NORFOLK, VA.- The Chrysler Museum of Art presents The Natural Beauty of Tiffany: Selections from the Chrysler Museum August 18 to December 30, 2012. Admission is free.

Louis Comfort Tiffany (1848–1933), one of America’s best known businessmen and most talented artists, directed an artistic empire in the design and creation of stunning leaded glass windows and lamps, blown glass vessels, mosaics, and other objects of luxury. Tiffany found great beauty in the natural world—the primary inspiration for his paintings and decorative work in metal, pottery, and glass. This exhibition presents many of the Museum’s finest examples of his work inspired by flora and fauna.

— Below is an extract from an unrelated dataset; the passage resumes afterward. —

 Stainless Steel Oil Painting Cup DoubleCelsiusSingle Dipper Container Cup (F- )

"Louis Comfort Tiffany was deeply moved by the complex beauty found in nature,” said Kelly Conway, the Carolyn and Richard Barry curator of glass. “He created an idyllic landscape at his home on Long Island, with many exotic species of plants and flowers. This exhibition features some of Tiffany Studios' unique interpretations of flowers, vegetation, marine life and other natural elements, executed in glass, ceramics, and bronze."

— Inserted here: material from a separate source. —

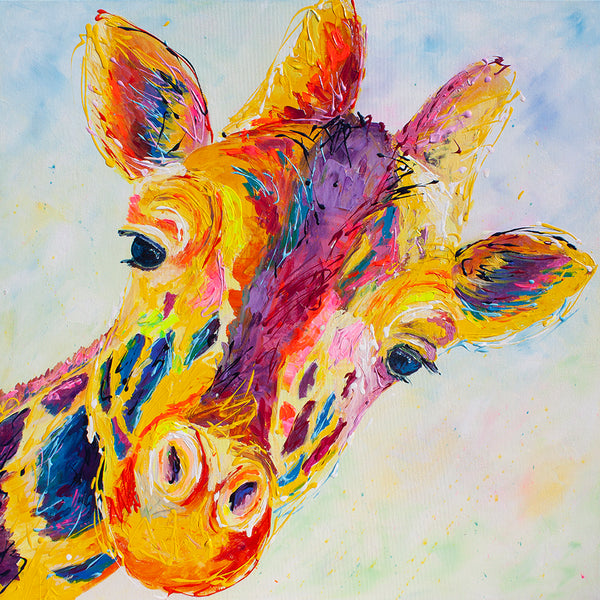 Canvas Print of 'Lofty Giraffe' – Rhian John Paintings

Highlights of the exhibition include a garden of blown glass flowers, unique examples of ceramics and enamels, and some of the rarest and most expensive lamps known—the glorious blue Dragonfly and Pond Lily library lamps. The works of art are all from the Chrysler Museum’s world-famous Tiffany collection, which is nearly comprehensive in the area of blown glass and also includes mosaics, windows and lamps.

"We are diligently packing up our entire glass collection in preparation for an exciting new renovation of the galleries,” added Conway. “However, it was very important to us to keep a selection of our greatest Tiffany treasures on view for visitors. It is always good to see our favorite objects in a new light, and this exhibition gives us an opportunity to appreciate the artistic inspiration found in nature."

The Chrysler Museum of Art holds one of the largest and most comprehensive collections of glass in the world, with more than 10,000 glass objects spanning 3,000 years. The foundations of the collection were established by the early 1950s with a significant bequest of New England Glass Company glasses from the estate of Norfolk resident Florence Smith. In 1971, Walter P. Chrysler, Jr. donated more than 8,000 works of glass to the Museum, establishing the collection as a place of pilgrimage for glass scholars and enthusiasts. Major gifts of English cameo, 20th-century Italian, and contemporary glass continue to diversify and strengthen the collection well into the 21st century.